楽天の決済機能を他社サイトに 「楽天安心支払いサービス」
楽天会員向けの決済機能を他社サイトに提供する「楽天あんしん支払いサービス」が始まった。他社サイトも巻き込んだ楽天「“準”経済圏」を構築する狙いだ。
楽天は10月6日、他社のECサイトに楽天会員向け決済機能を提供する「楽天あんしん支払いサービス」を始めた。ユーザーは対応サイトで楽天のIDを使い、楽天に登録したクレジットカードで購入代金を支払える。まずUSENの音楽配信サイト「OnGen」(USEN)など4サイトが対応した。
対応サイトは「楽天お支払いボタン」を設置。クリックすると楽天側のページに移動し、楽天のID、パスワードでログインしてカード決済する仕組みだ。対応サイトは、同サービスを通じて得た売り上げの数%を楽天に支払う。

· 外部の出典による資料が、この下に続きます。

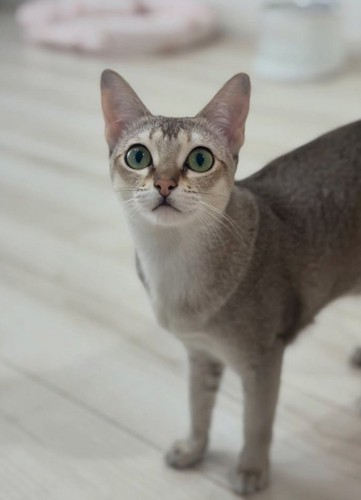 お尻が切れた猫の写真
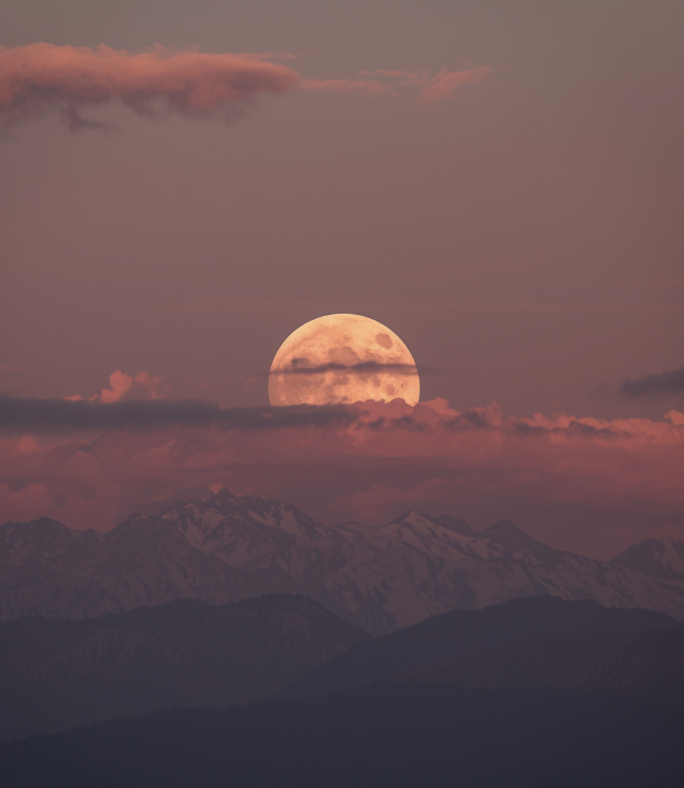 截圖 2026-04-01 晚上10.01.31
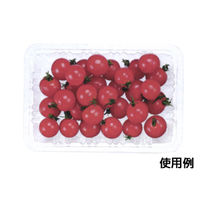 ニュートフルーツE300浅　2000枚(100×20) FAST170　リスパック（直送品）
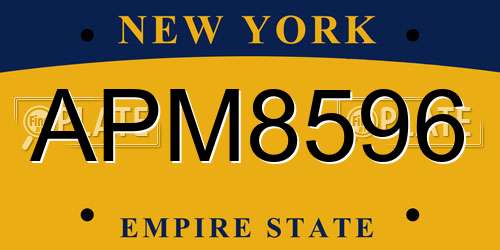 APM8596 New York License Plate
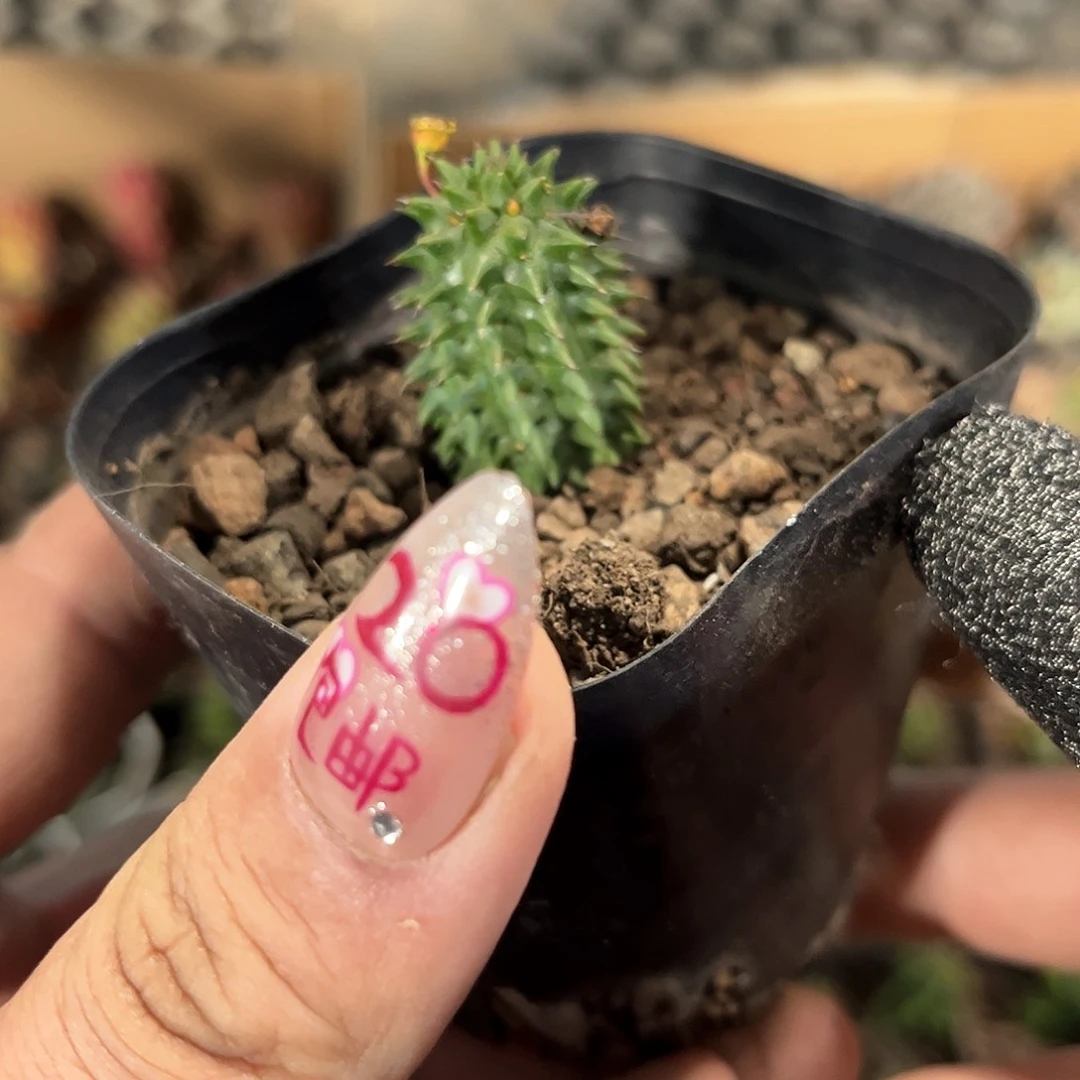 小海胆单头发货有根发货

対応サイトは約4200万人の楽天会員を顧客に見込めるメリットがあり、ユーザーは、楽天にカードを登録していれば、対応サイトで買い物する際にカード番号を入力する手間が省けるほか、楽天スーパーポイントをためたり、ポイントを支払いに使うことも可能。カード番号は外部サイトには伝わらない仕組みで、安全に決済できるとしている。
まずは物品の配送を伴わないデジタルコンテンツの販売サイト向けに提供していく方針。同日、OnGenのほかソフト・オン・デマンドのアダルト動画配信サイトなど4サイトが導入した。来年3月からは、物品の配送が必要なECサイトにも導入できるようにする。
対応サイトには、受注や売り上げなどを管理するページも提供するほか、楽天IDでログインする機能を付けることも可能だ。導入の申し込みは専用サイトで受け付け、審査に通ると6〜8週間で導入できる。
共通の決済プラットフォームで楽天のサービスをつないだ「楽天経済圏」を拡大し、他社サイトも巻き込んだ楽天「“準”経済圏”」を構築する狙い。楽天の和田圭常務執行役員は「自社媒体以外のサイトで、収益を上げられるようにしていく」と述べる。
ヤフーの「Yahoo!ウォレット」など他社も同様のサービスを提供しており「スタートは遅れている」と認める一方、楽天会員は、転換率(アクセス数に対し商品が売れる確率)が高いといった特徴があるとし、「会員の価値はほかよりも高い。差別化して事業展開できる」と和田執行役員は自信を見せた。